Start of Data extract
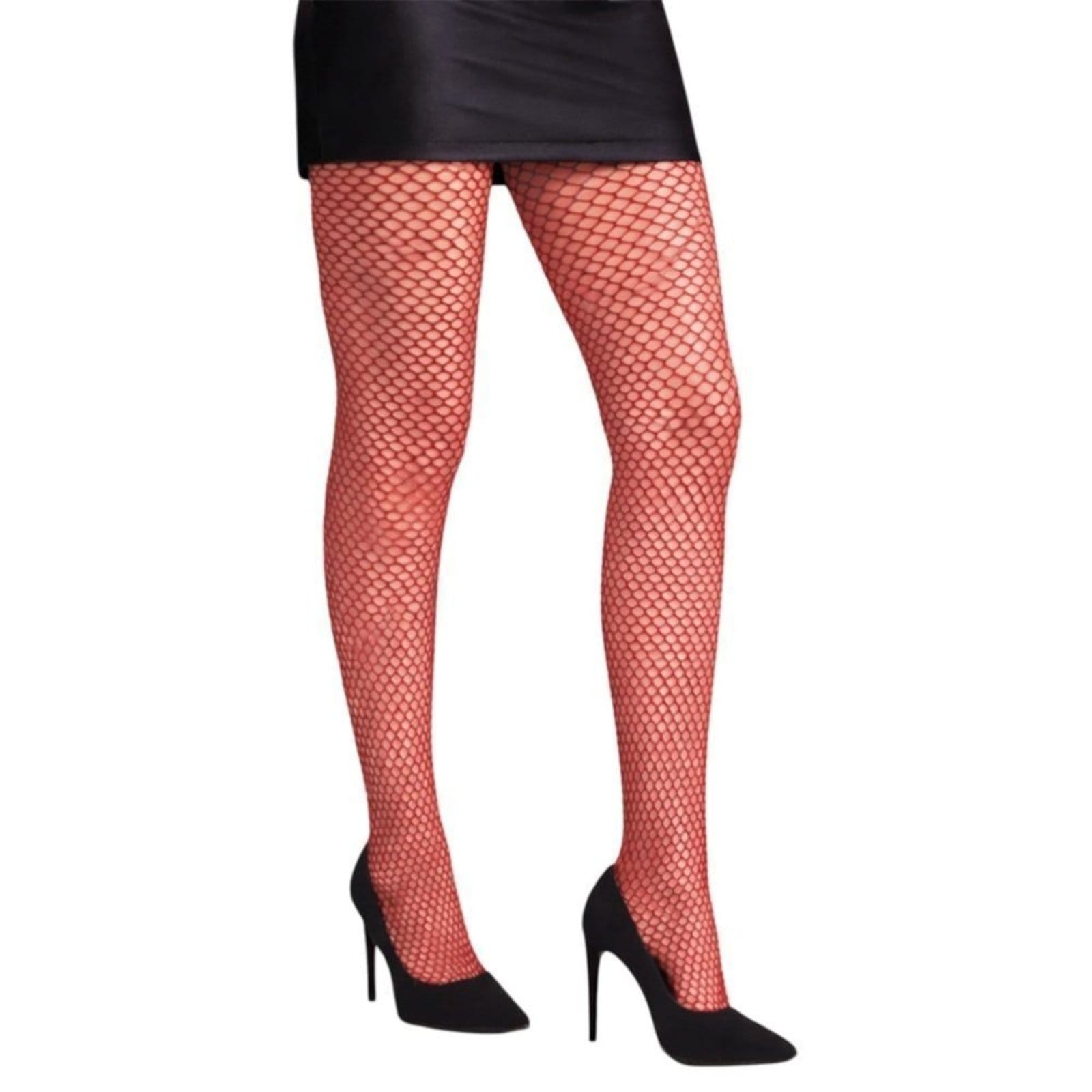 Vista principal Meia-Calça Selene Arrastão Feminina SELENE vermelho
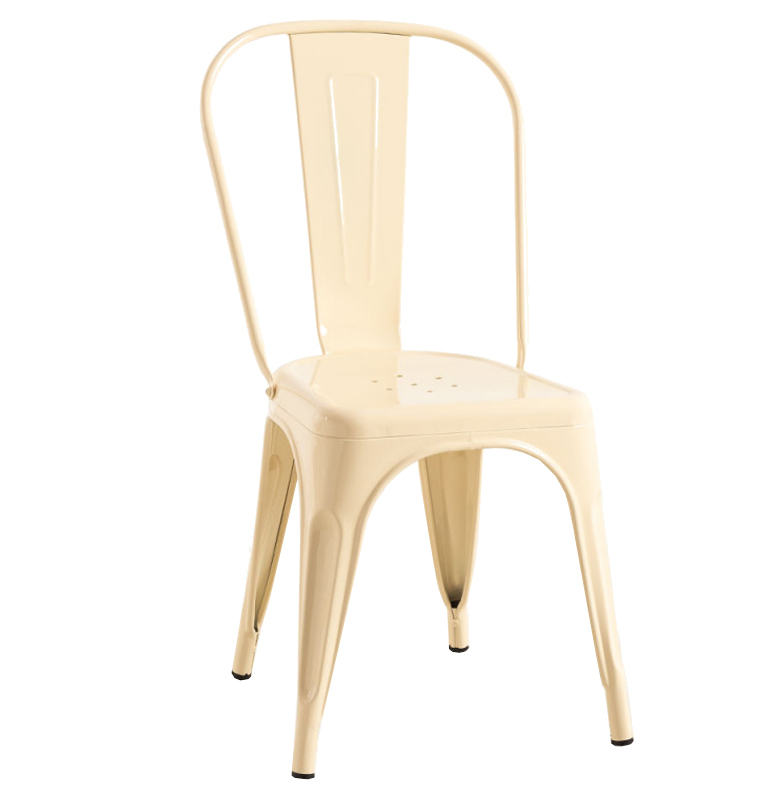 Silla Meyer Réplica en Acero Reforzado Lacado 48 x 45 x 86 cm 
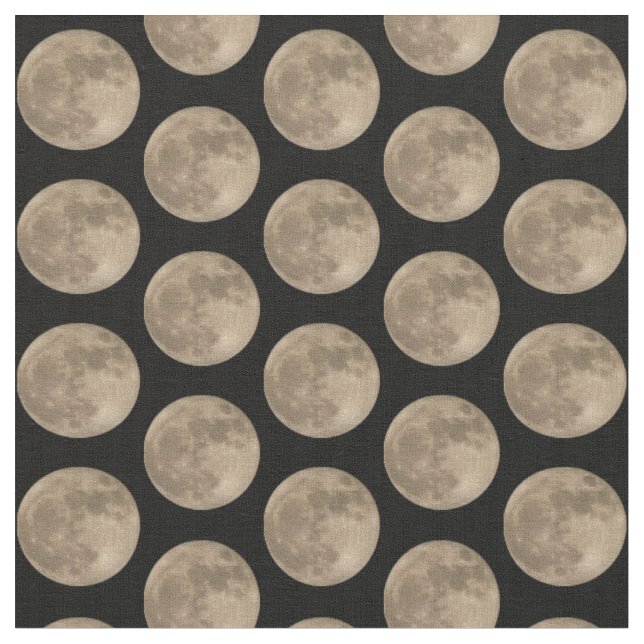 Moon Fabric Full Moon Fabric Custom Moon Fabric (Close Up)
End of Data extract
▶ **What you will do**
The output consists of exactly the lines from the one containing "Silla Meyer Réplica" through the last line of the listing, both included, with no pictures.

▶ **Solution to this exercise**
 Silla Meyer Réplica en Acero Reforzado Lacado 48 x 45 x 86 cm 
 Moon Fabric Full Moon Fabric Custom Moon Fabric (Close Up)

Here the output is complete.